Gallery highlights artists from multiple generations

Student+honors+past+generations+of+artwork+by+coming+together+for+a+local+exhibit+on+Friday+from+6+to+9+p.m.+at+103+W.+Washington+Street%2C+West+Chicago.

Photo by Sean Renwick

Student honors past generations of artwork by coming together for a local exhibit on Friday from 6 to 9 p.m. at 103 W. Washington Street, West Chicago.

By Catherine Miller, Contributing Writer

Detailed drawings, intricate 3-D art, an abstract piece, and an impressionistic landscape will cover the walls of West Chicago’s Gallery 200 beginning Friday.

The most impressive part, however, is that these different works of art will all come from one family: the Renwicks.  

“Every month there’s a different featured artist. The whole gallery is filled with art on the walls from the gallery artists and then the middle is always for the featured artist of the month,” LRC staff member Britta Renwick said.

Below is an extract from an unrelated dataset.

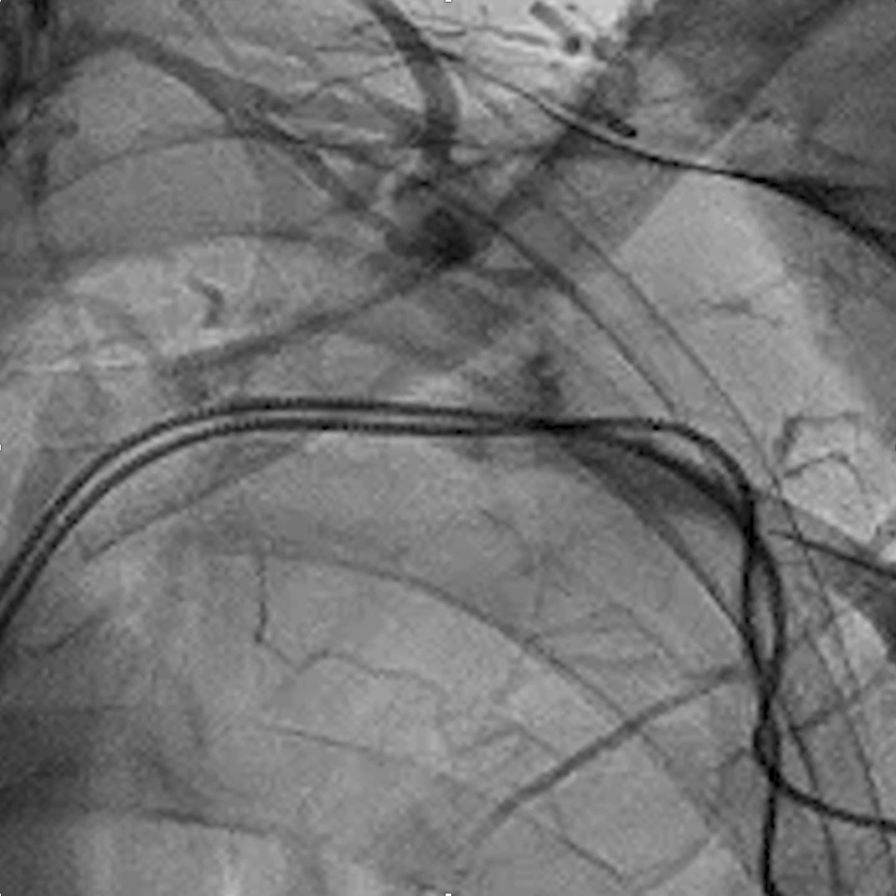We'll access while the contrast is flowing. And you can see here where the vein is indenting as the needle enters the vein.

Their featured exhibit, “Generations of Art”, will showcase talent from five family members. It will include pieces from junior Sean Renwick, freshman Alec Renwick, and Britta Renwick. Additionally, the Renwicks stayed in Switzerland for several weeks over the summer and brought back pieces created by the family that lives there.

“We brought (my grandfather’s) piece and one of my aunt’s pieces back from Switzerland this year on the plane. That was sketchy,” Sean Renwick laughed.

This gallery will be the first time that art from their relatives will be on display in the United States.

Sean and Alec Renwick’s grandfather grew up in northern Germany, so his art was greatly influenced by the scenery around him.

“My grandpa lived in Germany. There are a lot of harbors, cold, flat, lots of ships and sea,” Sean Renwick said. “So the majority of his paintings are impressionistic.”

Sean Renwick’s aunt has a very different style from her family members.

“My aunt, she’s abstract. She does nothing real. She splatters paint and stuff and it looks so cool,” Sean Renwick said.

Britta Renwick has experience in a variety of art fields.

“My whole life I’ve loved any kind of art. I’m a crafter, painter, sculptor, photographer. A little bit of everything,” Britta Renwick said.

For a while, she was focused on photography and jewelry, but she is doing something different for the gallery. She has mixed her photography with paper mache to create 3-D pieces.

Alec Renwick’s pieces, although less in number, will be more complex.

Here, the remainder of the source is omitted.